Moody’s rating agency has downgraded the credit rating of the Finnish telecommunications group NOKIA to Ba1, saying its outlook remained negative.
On Friday, the rating agency brought down the credit rating of the Finnish telecommunications giant by one notch and placed it in the “Ba1” level from the previous “Baa3.”
"Today's rating action reflects our view that Nokia's far-reaching restructuring plan ... delineates a scale of earnings pressure and cash consumption that is larger than we had previously assumed," Wolfgang Draack, senior vice president at Moody’s was quoted as saying in a statement.

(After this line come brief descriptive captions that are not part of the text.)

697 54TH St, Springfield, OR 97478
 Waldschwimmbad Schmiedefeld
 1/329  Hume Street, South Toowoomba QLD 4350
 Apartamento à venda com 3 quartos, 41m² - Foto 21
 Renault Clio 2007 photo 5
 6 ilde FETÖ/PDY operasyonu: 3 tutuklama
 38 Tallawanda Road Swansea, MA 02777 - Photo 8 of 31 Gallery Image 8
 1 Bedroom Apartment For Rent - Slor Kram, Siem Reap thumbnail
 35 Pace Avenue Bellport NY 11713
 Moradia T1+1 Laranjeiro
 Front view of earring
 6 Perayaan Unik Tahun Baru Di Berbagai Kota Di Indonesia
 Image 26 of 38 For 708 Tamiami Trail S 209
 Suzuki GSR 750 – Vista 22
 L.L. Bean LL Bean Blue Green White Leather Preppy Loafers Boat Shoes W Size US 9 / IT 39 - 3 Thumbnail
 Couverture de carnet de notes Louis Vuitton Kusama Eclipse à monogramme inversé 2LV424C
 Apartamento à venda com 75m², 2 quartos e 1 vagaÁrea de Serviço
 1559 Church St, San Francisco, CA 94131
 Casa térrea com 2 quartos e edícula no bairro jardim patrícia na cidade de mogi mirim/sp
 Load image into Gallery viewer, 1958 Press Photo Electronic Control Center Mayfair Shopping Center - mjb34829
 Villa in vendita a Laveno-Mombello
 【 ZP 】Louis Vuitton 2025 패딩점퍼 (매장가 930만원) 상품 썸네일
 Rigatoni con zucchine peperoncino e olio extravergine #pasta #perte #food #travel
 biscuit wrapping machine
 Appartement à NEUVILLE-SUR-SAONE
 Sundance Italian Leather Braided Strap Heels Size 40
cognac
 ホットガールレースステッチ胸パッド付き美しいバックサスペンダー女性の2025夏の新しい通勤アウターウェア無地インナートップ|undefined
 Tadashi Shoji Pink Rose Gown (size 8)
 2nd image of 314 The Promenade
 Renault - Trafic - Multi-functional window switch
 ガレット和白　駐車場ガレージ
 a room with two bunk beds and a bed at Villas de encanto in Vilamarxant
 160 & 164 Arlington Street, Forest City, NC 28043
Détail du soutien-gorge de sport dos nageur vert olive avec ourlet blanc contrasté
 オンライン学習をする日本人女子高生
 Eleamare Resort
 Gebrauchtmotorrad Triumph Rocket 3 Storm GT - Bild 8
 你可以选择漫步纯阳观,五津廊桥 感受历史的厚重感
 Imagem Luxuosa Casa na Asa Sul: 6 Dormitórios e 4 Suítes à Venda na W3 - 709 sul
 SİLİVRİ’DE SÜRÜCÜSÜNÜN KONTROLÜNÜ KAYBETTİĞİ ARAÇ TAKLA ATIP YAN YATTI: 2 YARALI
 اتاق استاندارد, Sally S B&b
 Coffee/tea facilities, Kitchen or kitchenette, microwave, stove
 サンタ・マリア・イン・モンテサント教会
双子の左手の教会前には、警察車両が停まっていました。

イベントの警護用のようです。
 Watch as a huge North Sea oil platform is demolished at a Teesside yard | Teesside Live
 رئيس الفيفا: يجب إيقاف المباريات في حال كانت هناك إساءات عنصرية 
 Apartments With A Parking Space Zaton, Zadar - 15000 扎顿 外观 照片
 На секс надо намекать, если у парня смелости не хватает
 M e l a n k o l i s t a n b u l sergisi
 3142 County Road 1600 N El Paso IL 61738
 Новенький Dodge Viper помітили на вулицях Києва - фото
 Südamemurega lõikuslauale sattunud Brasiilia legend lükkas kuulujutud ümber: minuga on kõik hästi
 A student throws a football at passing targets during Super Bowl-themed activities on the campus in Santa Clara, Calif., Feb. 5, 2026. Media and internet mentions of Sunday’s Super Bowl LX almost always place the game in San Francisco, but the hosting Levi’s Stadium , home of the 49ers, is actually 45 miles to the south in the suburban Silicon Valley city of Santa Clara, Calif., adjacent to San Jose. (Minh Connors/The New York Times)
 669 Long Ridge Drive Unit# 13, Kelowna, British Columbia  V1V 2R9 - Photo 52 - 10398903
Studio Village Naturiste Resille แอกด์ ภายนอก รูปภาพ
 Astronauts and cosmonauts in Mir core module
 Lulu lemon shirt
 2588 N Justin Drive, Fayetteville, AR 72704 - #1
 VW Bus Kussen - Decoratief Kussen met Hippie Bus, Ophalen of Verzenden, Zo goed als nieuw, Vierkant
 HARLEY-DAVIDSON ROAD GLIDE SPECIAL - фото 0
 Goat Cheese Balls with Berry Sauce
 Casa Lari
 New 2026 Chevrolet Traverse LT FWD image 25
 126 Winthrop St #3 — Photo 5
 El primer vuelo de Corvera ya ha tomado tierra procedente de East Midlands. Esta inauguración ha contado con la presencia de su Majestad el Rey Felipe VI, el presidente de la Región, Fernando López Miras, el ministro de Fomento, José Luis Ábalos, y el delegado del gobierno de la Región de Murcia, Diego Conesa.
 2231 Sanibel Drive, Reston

Moody’s still appreciated Nokia’s decision to take on a drastic restructuring of its operations as “a positive and necessary step to return the group to profitability.”
"A return to profitability also depends on Nokia successfully transitioning its range of smart phones to the new Windows operating system and stabilizing its feature phone business," the statement added.
On Thursday Nokia’s authorities made public their new plans to cut at least 10,000 jobs as part of their “deep additional cost-cutting measures” both in Finland and elsewhere.
The telecommunication giant’s chief executive Stephen Elop said in a statement that the company’s “planned reductions are a difficult consequence of the intended actions we believe we must take to ensure Nokia’s long-term competitive strength.”
Following the gloomy news of the planned job cuts and the new downgrade, the Helsinki stock exchange witnessed a sharp plunge in the share price of the company by 16 percent.
The cellphone manufacturer giant that has recently lost its 16-year number one ranking in the world-wide cellphone market has been implementing a major restructuring for over a year.
Nokia has announced that it would implement an additional USD 2.0 billion in its cost-cuttings by the end of the year 2013.